Umso glücklicher, dass Vera Meyer aus diesem Schatten treten und im Land der Täter auf deren Kinder und Enkel zugehen kann. „Ich will Menschen zusammenbringen, nicht trennen,“ sagt sie über sich selbst. Auch deshalb fand sie auf Einladung von Michael Amthor gerne den Weg nach Rotenburg. Nachdem Vera Meyer am Vorabend in der Cohn-Scheune über die Wurzeln ihrer Familie in Deutschland gesprochen hatte, suchte sie am nächsten Morgen ausgeruht das Gespräch mit den Schülerinnen und Schülern des Ratsgymnasiums. In der Aula der Schule erzählte die freundliche, aufgeschlossene Bostonerin zunächst zwei 6. Klassen von der Jugend und Kindheit ihrer Eltern in Deutschland, davon wie sich das Land auch vor der Machtübernahme durch die Nationalsozialisten bereits zu verändern begann, von Flucht und Vertreibung. Beide Klassen hatten im Deutschunterricht den Roman “Und im Fenster der Himmel” gelesen, der sich mit dem Schicksal jüdischer Kinder im Dritten Reich beschäftigt. Später nahm sie sich nochmals 90 Minuten Zeit, um mit den Schülerinnen und Schülern des 10. Jahrgangs über den Nationalsozialismus und dessen Bedeutung für Deutschland und die Verfolgten im Land zu sprechen. Immer wieder wies sie dabei auch auf den Verlust an Menschen und Kultur hin, den sich das Land mit der wachsenden Barbarei gegen eine Gruppe der eigenen Bevölkerung zufügte. Für die Anwesenden spannend waren die begleitenden Bilder aus dem Privatbesitz Vera Meyers, die den Namen und Erzählungen Gesichter verliehen, deutlich machten, dass hinter diesen Geschichten echte Menschenleben stehen.

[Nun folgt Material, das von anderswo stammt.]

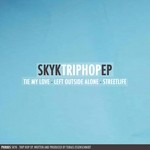 cover: Skyk - Trip Hop EP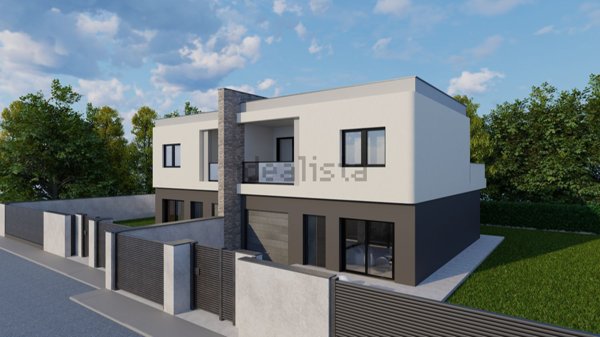 casa indipendente in vendita a Castelgerundo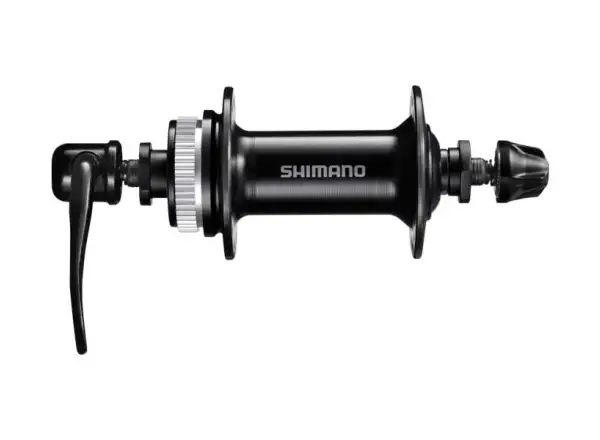 Shimano HB-QC300 front hub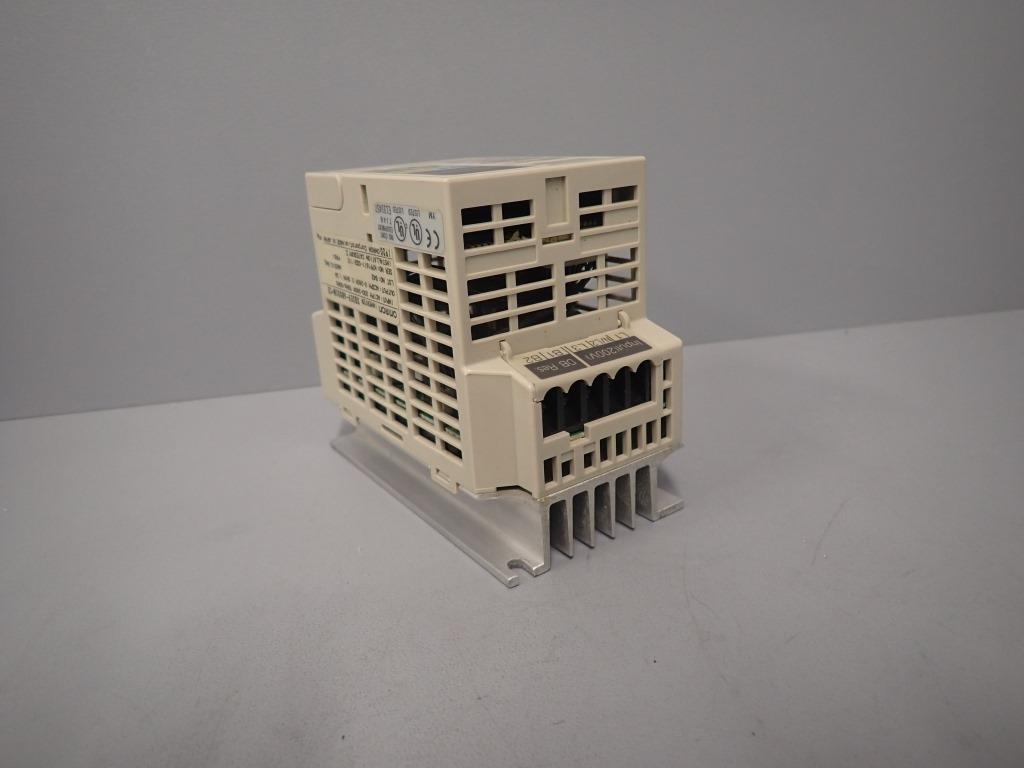 OMRON 3G3EV-AB002M-CE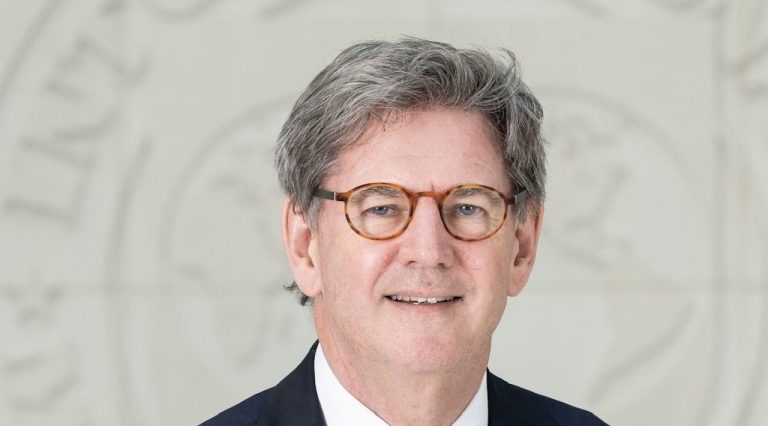 Paul Hilbers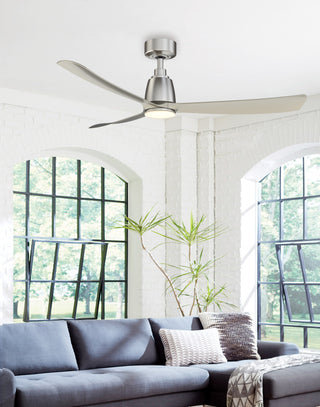 Kute 52" Ceiling Fan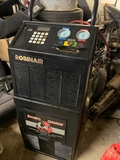 MAQUINA DE CARGA DE AIRE ACONDICIONADO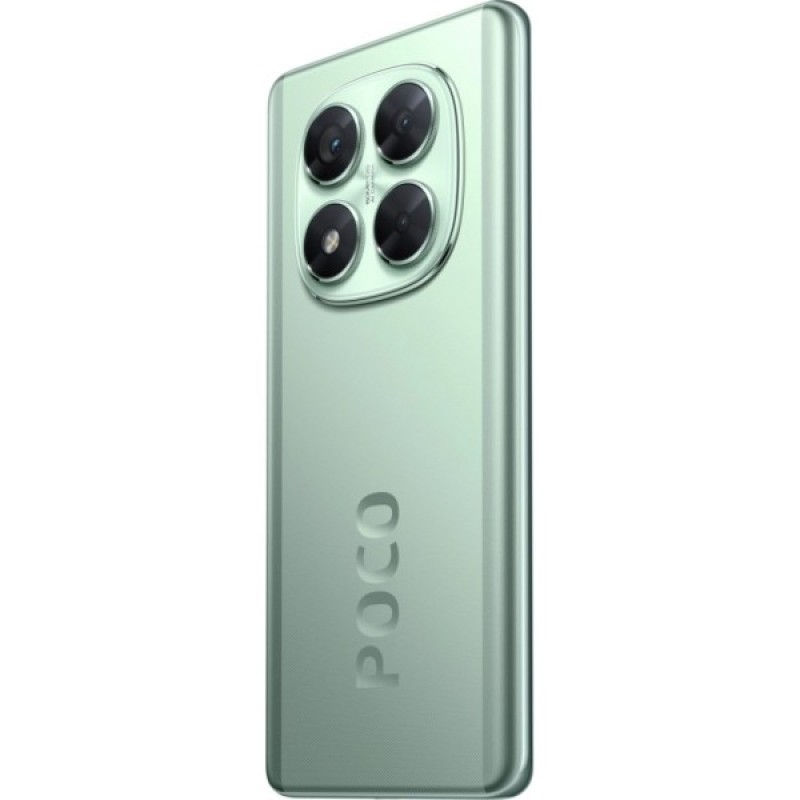 Мобільний телефон Xiaomi Poco X7 8/256GB Green (1123287)
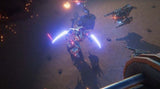 PS5 Blackwind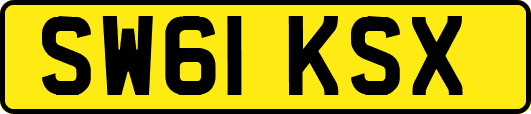 SW61KSX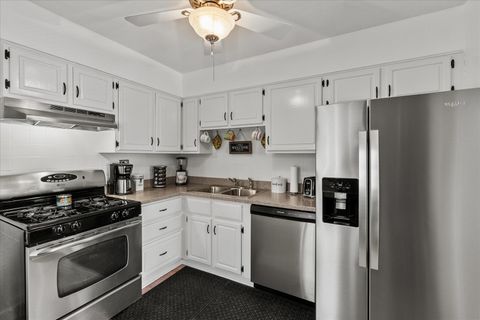 Tiny photo for 3442 W 84th Street, Chicago, IL 60652 (MLS # 12482609)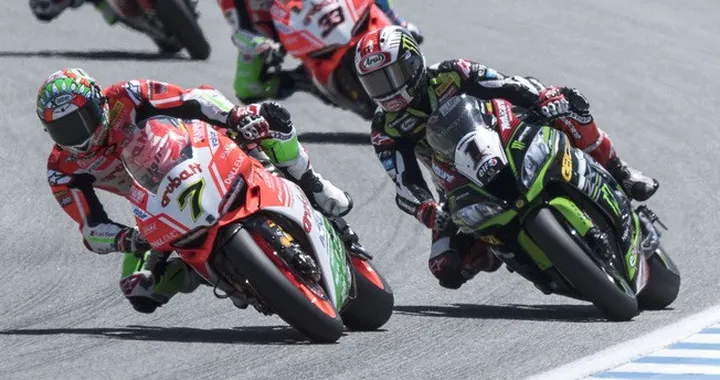 SBK Germania 2017: orari TV dal Lausitzring
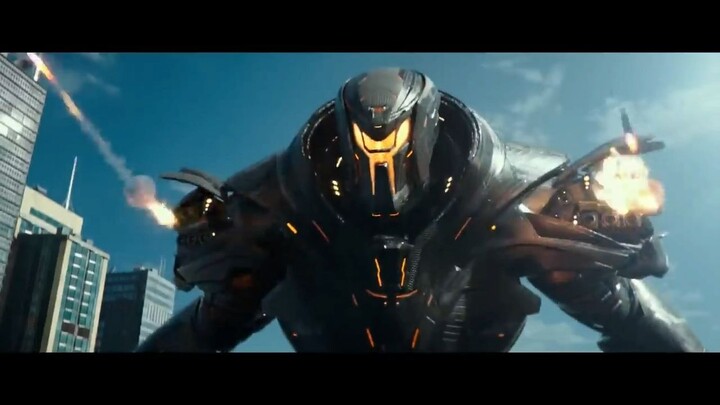 Pacific Rim_ Uprising Trailer movie link in description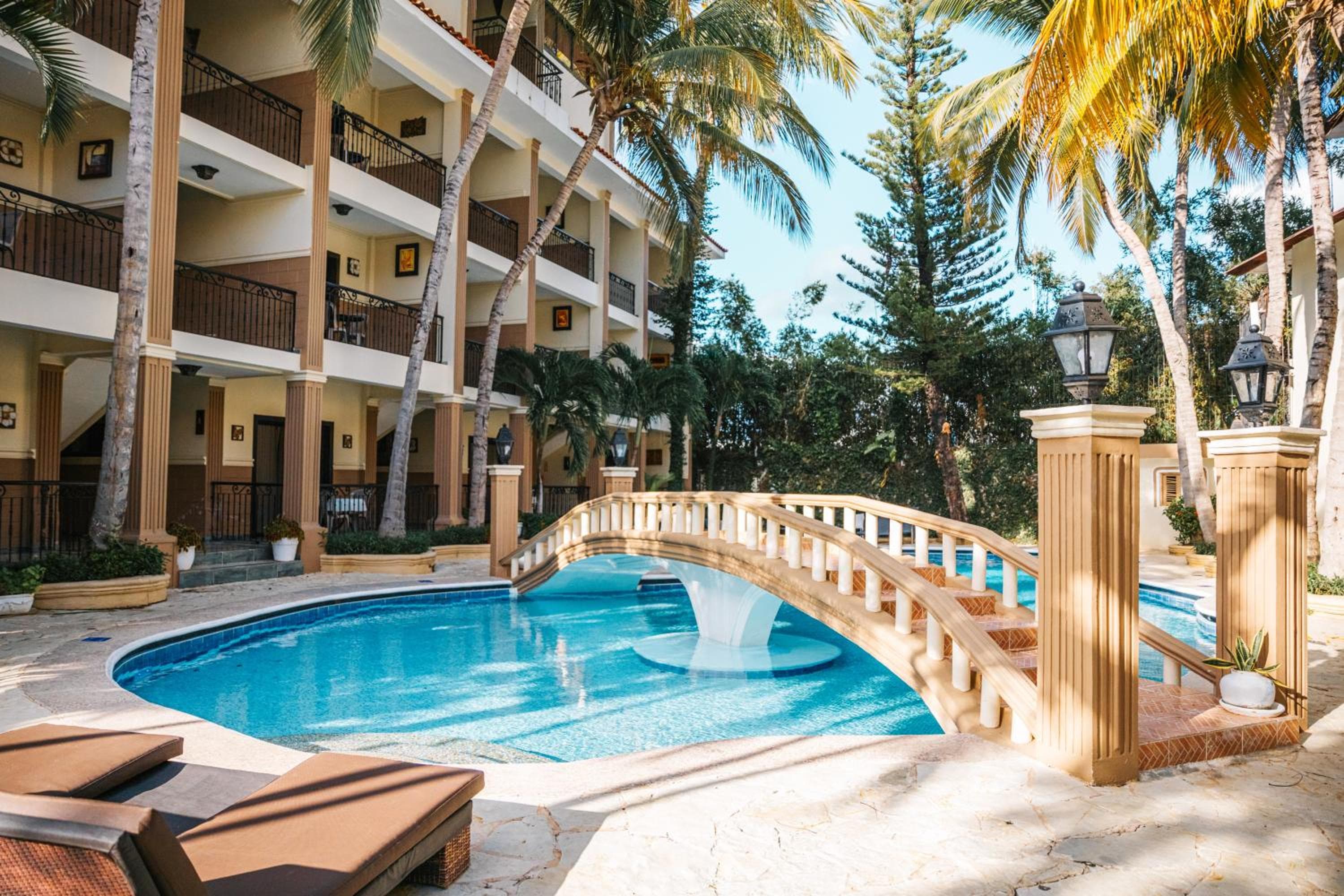 Hotel Plaza Brisas — 2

So waren die Schülerinnen und Schüler durch den Vortrag sichtlich bewegt, gleichzeitig auch berührt von der offenen und freundlichen Art, mit der Vera Meyer so viele schmerzliche Erinnerungen und Geschichten mit ihnen teilte. Wer Vera Meyer kennt, ist hiervon indes weniger überrascht: „Die von den Nazis angestrebte Ausgrenzung des jüdischen Teils der Bevölkerung möchte ich wieder rückgängig machen. Die Wunden sollen also wieder geheilt werden,” beschreibt sie ihre Motivation. Und das, so Meyer, geht nur, wenn jeder Mensch als wichtig und wertvoll erachtet wird.